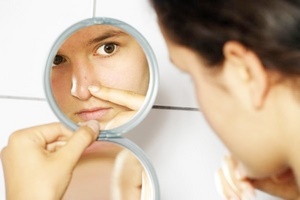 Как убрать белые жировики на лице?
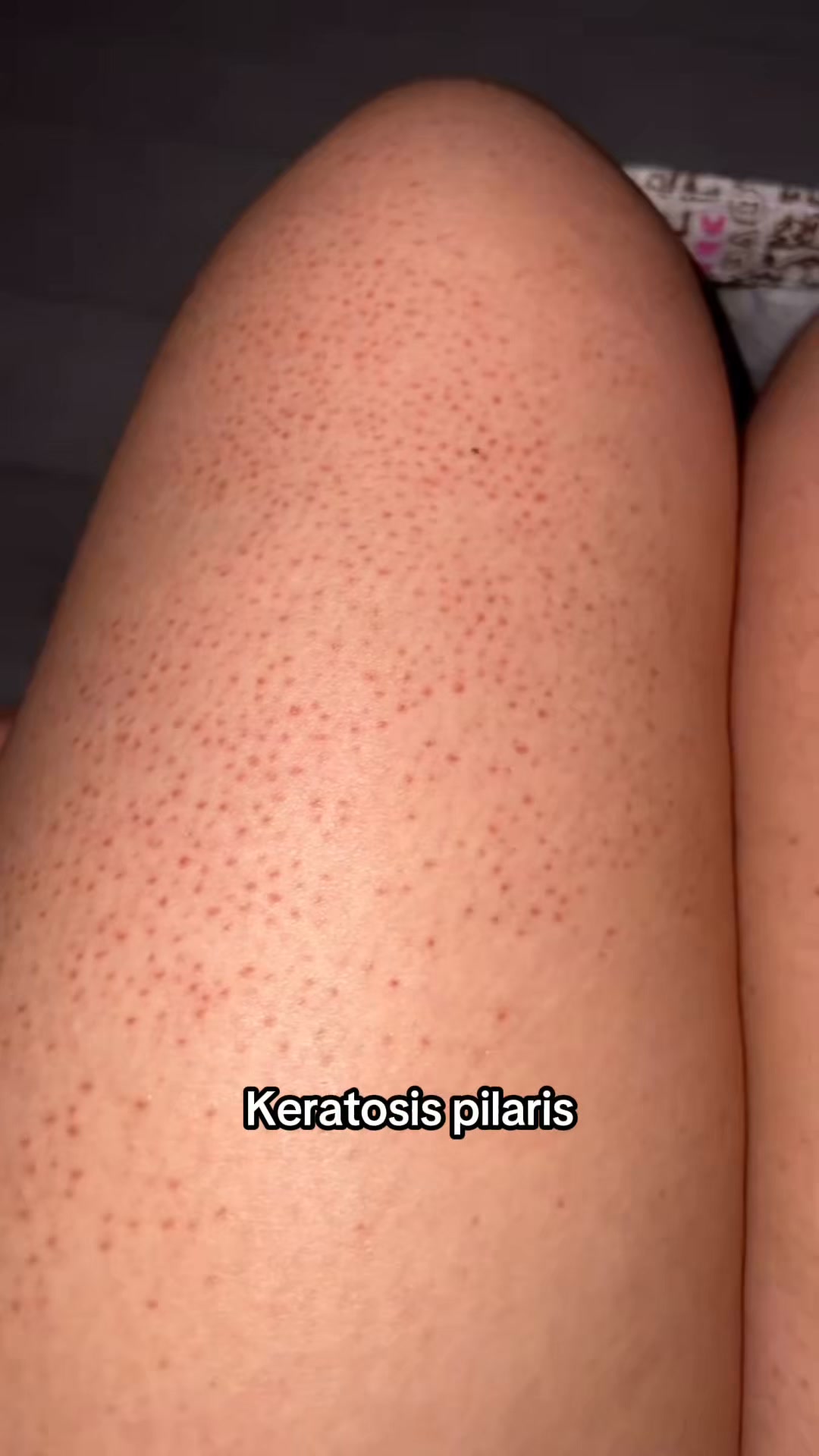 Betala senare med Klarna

...

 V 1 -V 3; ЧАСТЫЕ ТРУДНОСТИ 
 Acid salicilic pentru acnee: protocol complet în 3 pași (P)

> [TASK DESCRIPTION]: Above are the records; copy from them only the lines starting at the one containing "Как убрать белые жировики на лице?" and ending at the one containing "Betala senare med Klarna", exactly and without pictures.

> [EXERCISE RESPONSE]:
 Как убрать белые жировики на лице?
 Betala senare med Klarna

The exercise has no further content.